**TO DO**
In the entries below, find the line with "Mỹ nhân showbiz" and the line with "1-On-Scott Garden Suites"; copy them and every line between them exactly, but not the pictures.

**DATA IN THIS EXERCISE**

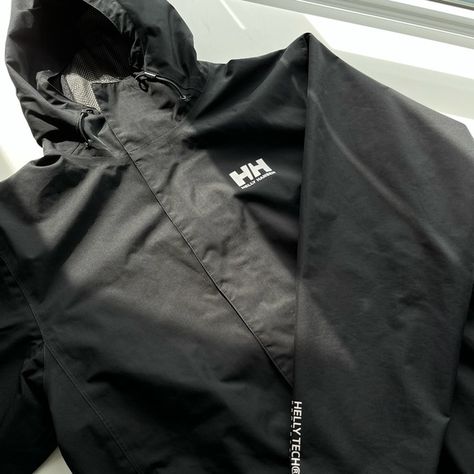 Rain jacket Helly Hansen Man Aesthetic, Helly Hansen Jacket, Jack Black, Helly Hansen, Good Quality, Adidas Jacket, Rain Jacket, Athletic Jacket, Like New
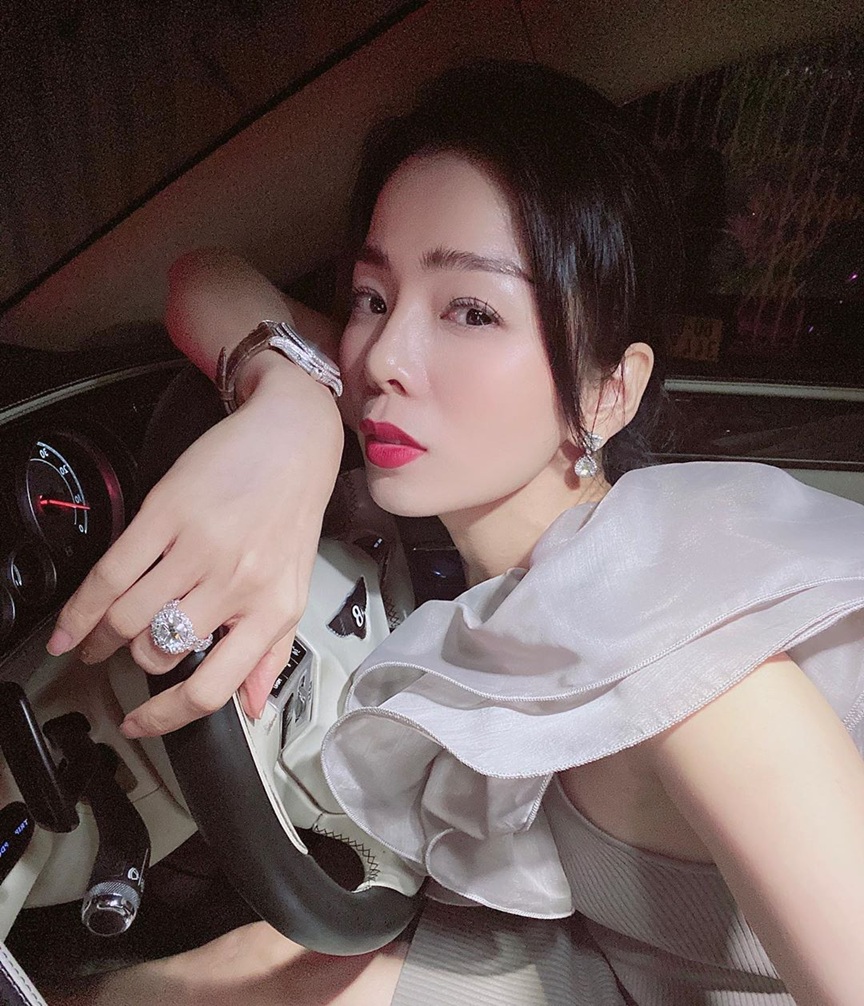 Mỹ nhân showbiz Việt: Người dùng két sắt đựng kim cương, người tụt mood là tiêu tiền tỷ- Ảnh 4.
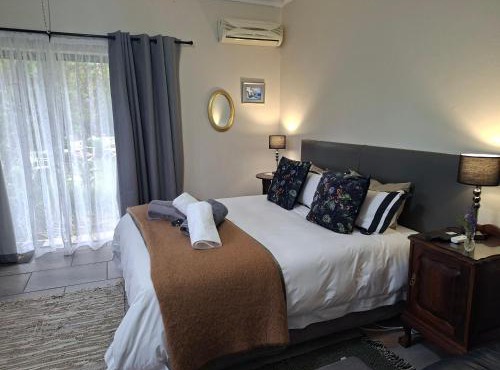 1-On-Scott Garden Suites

---

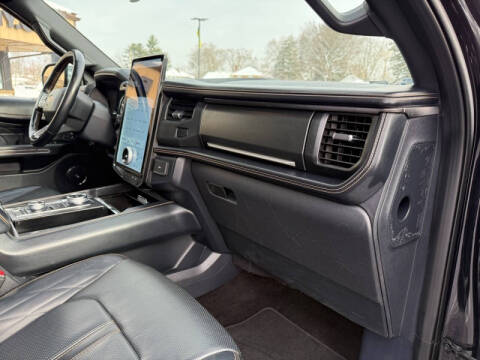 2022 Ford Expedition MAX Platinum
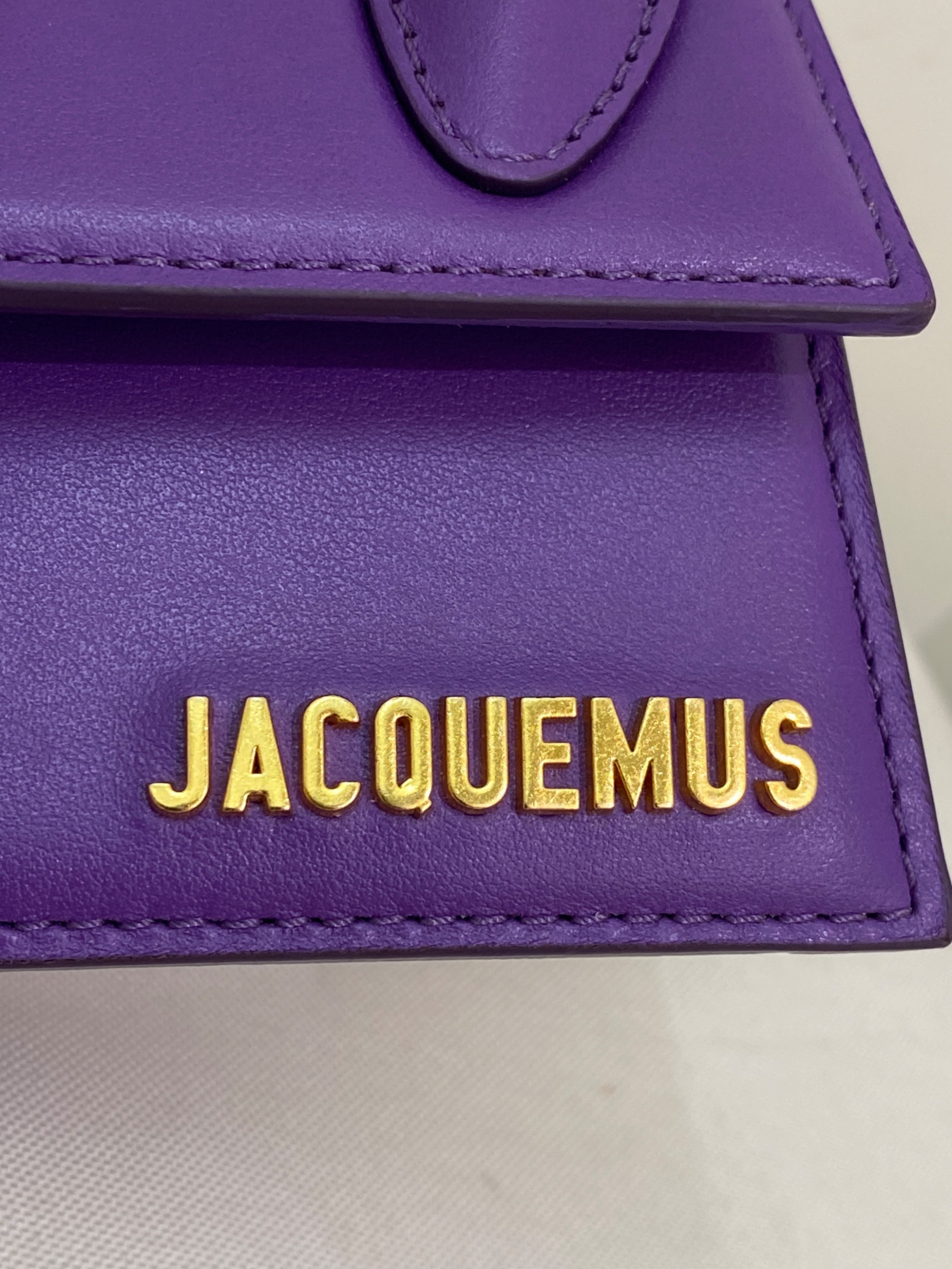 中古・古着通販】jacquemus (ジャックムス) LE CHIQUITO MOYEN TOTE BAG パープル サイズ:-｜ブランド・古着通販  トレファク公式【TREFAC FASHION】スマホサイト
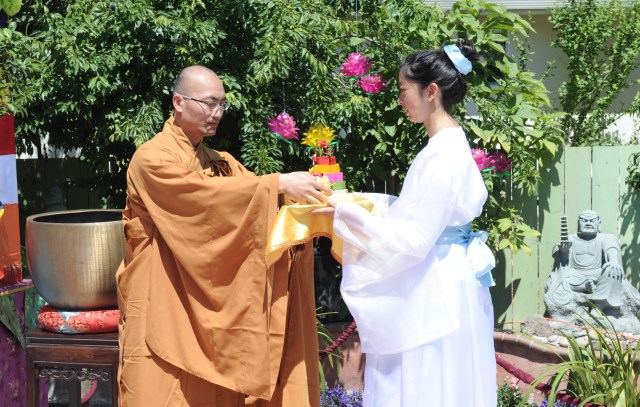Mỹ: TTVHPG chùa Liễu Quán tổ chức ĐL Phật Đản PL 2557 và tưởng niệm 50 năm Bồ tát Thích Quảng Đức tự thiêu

**TASK ANSWER**
 Mỹ nhân showbiz Việt: Người dùng két sắt đựng kim cương, người tụt mood là tiêu tiền tỷ- Ảnh 4.
 1-On-Scott Garden Suites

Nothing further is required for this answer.